> Task goal
An exact copy of the lines from the top of the data through the line with "Washington Street Apartment" is what you should give, with no pictures in it.

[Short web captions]

============

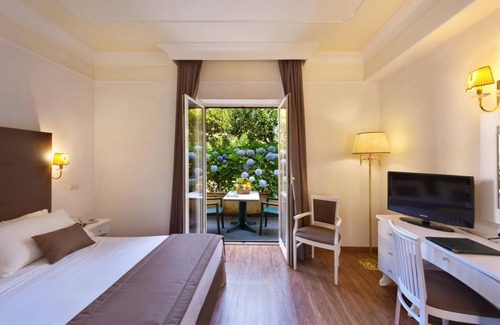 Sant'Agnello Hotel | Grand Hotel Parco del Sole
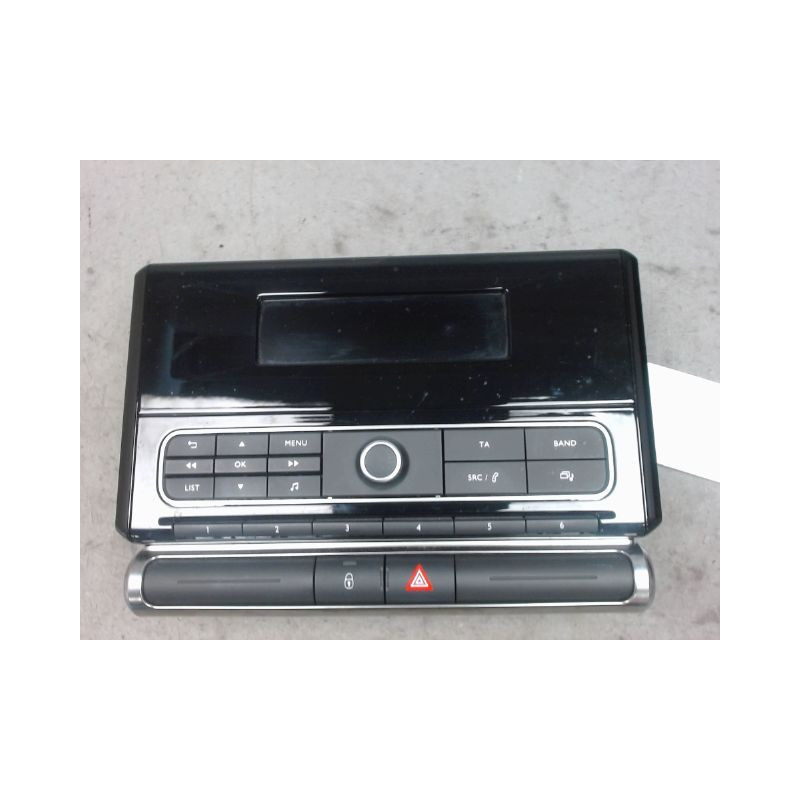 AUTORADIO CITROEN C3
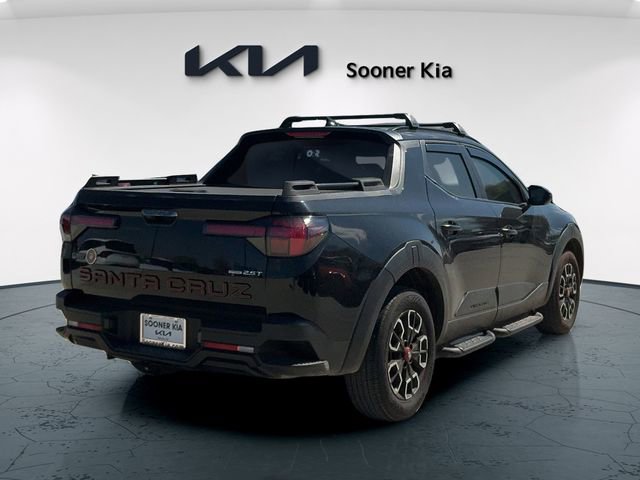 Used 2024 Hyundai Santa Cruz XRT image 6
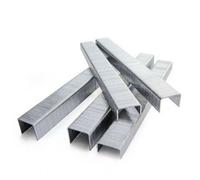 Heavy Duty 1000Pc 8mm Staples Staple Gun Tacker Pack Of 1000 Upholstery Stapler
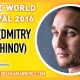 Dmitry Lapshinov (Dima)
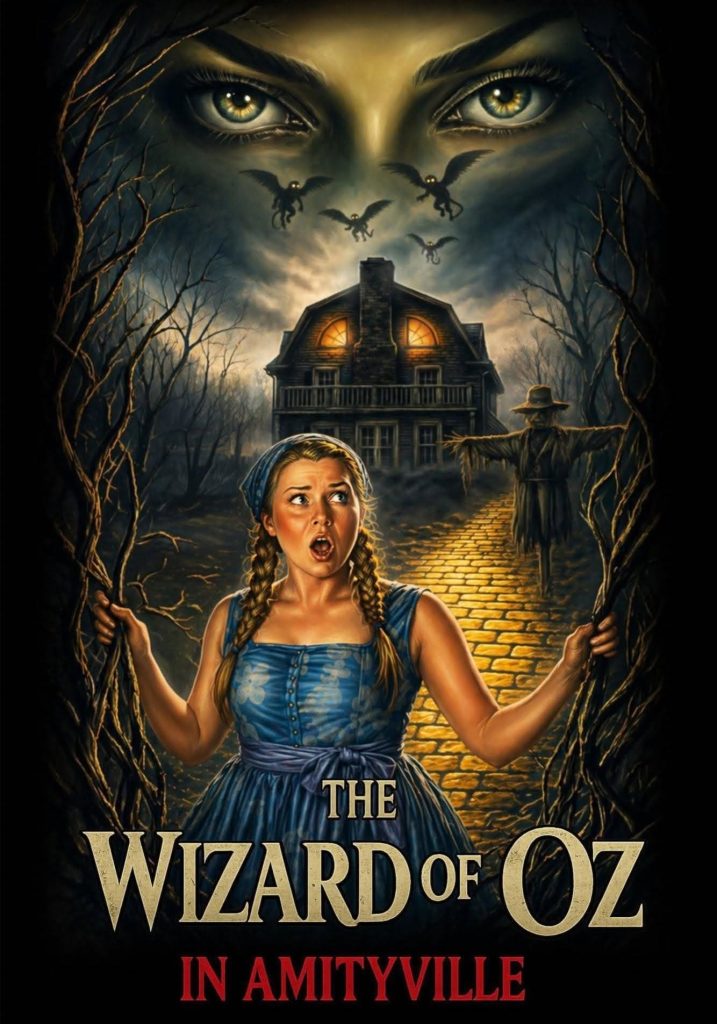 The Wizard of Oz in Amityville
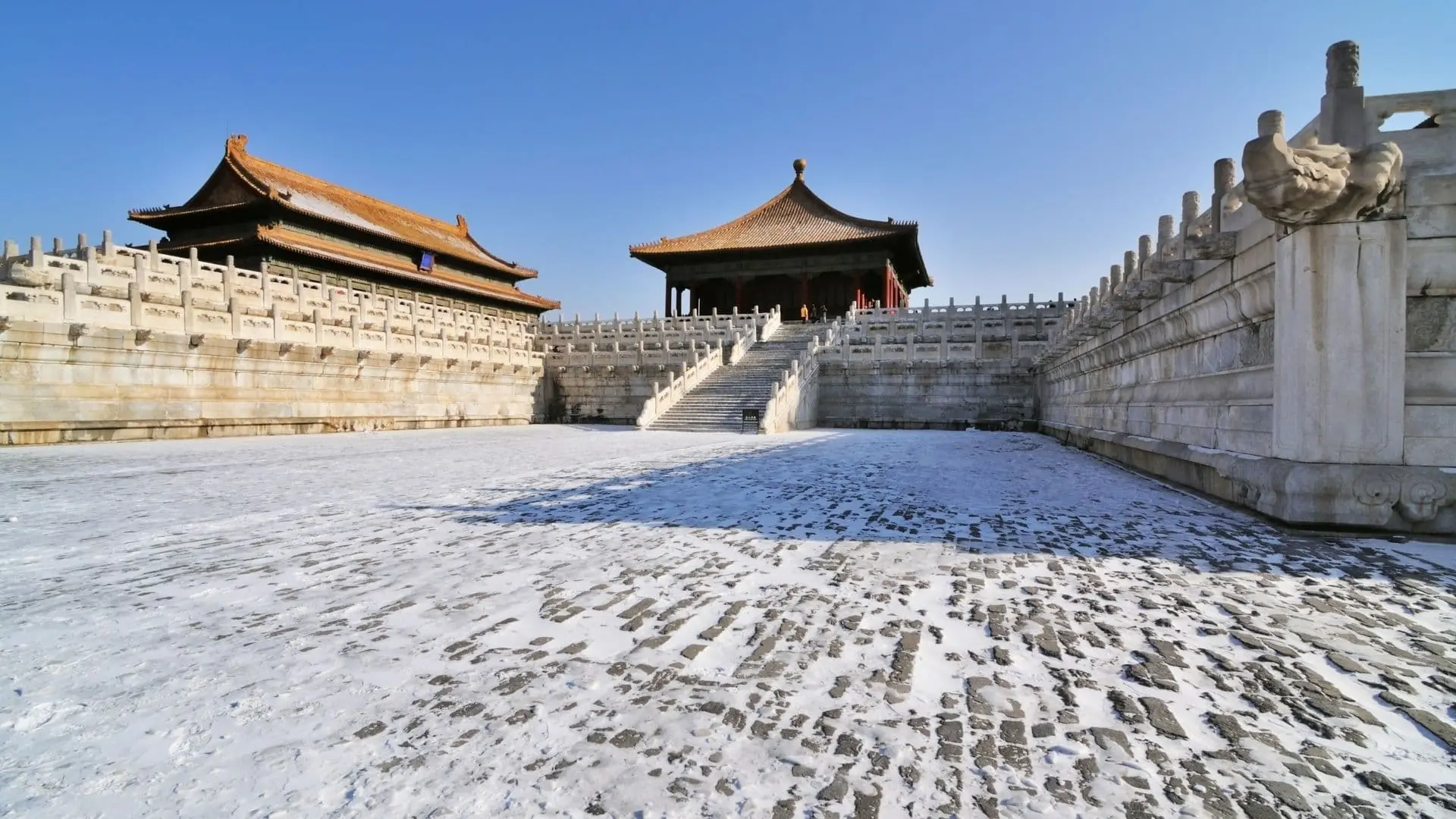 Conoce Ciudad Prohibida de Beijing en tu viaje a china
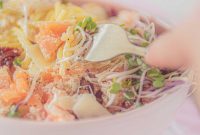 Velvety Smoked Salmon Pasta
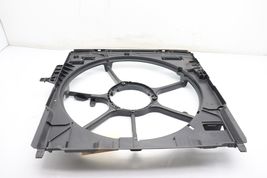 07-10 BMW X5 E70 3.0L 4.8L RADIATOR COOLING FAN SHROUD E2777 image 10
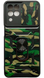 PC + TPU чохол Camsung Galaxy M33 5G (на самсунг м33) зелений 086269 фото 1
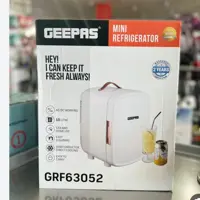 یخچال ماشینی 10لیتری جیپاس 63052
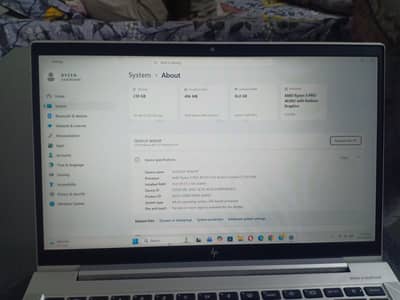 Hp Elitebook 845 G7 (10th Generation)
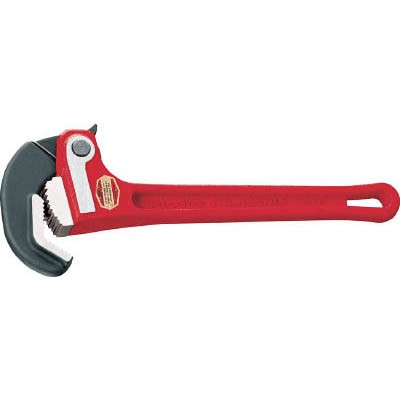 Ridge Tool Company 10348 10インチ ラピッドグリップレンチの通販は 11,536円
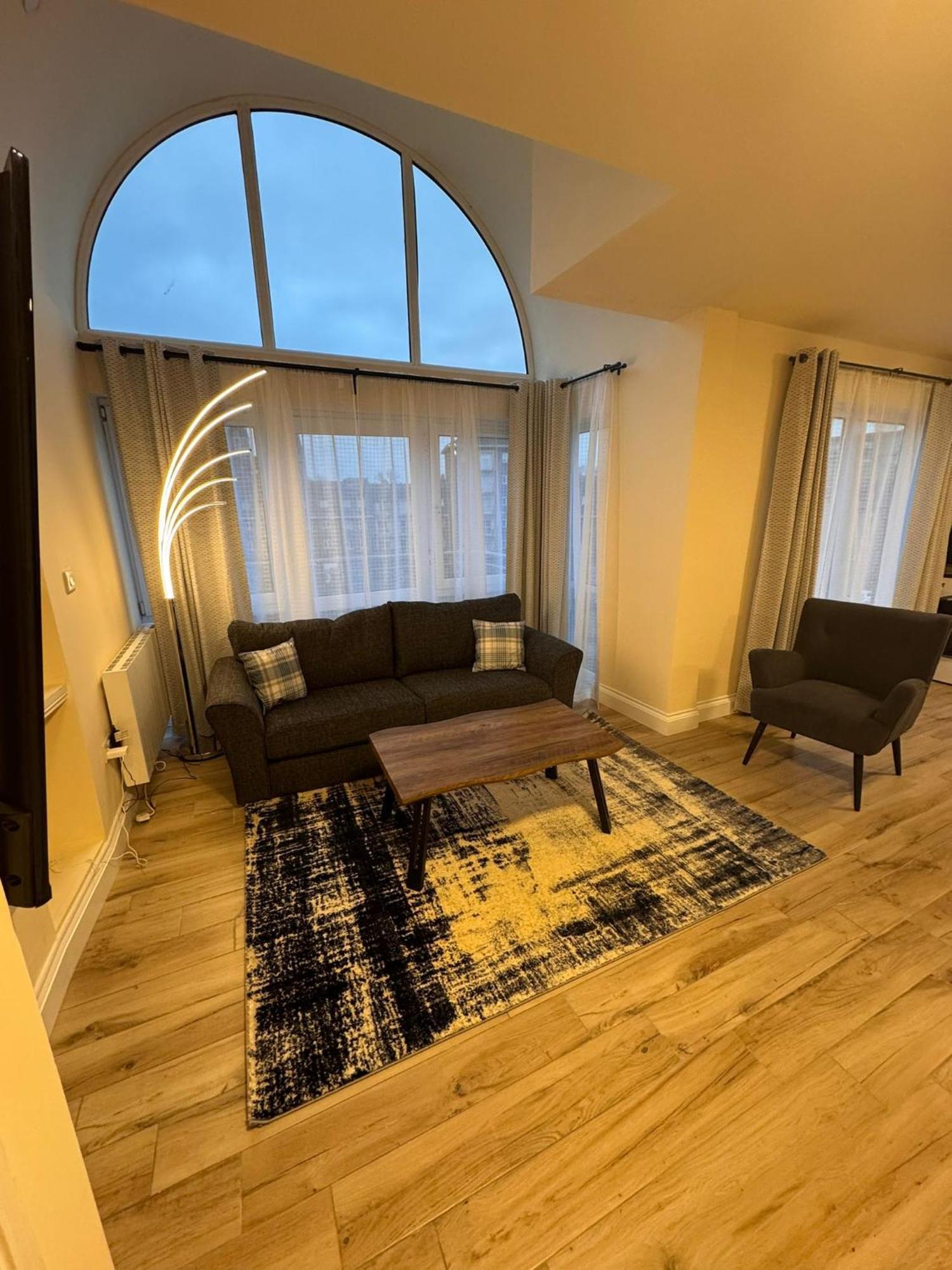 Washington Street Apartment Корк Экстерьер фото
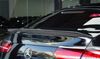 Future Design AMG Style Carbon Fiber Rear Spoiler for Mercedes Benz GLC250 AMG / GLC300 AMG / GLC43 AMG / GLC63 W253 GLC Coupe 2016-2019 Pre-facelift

============

> Solution
 Sant'Agnello Hotel | Grand Hotel Parco del Sole
 AUTORADIO CITROEN C3
 Used 2024 Hyundai Santa Cruz XRT image 6
 Heavy Duty 1000Pc 8mm Staples Staple Gun Tacker Pack Of 1000 Upholstery Stapler
 Dmitry Lapshinov (Dima)
 The Wizard of Oz in Amityville
 Conoce Ciudad Prohibida de Beijing en tu viaje a china
 Velvety Smoked Salmon Pasta
 07-10 BMW X5 E70 3.0L 4.8L RADIATOR COOLING FAN SHROUD E2777 image 10
 PC + TPU чохол Camsung Galaxy M33 5G (на самсунг м33) зелений 086269 фото 1
 یخچال ماشینی 10لیتری جیپاس 63052
 Hp Elitebook 845 G7 (10th Generation)
 Ridge Tool Company 10348 10インチ ラピッドグリップレンチの通販は 11,536円
 Washington Street Apartment Корк Экстерьер фото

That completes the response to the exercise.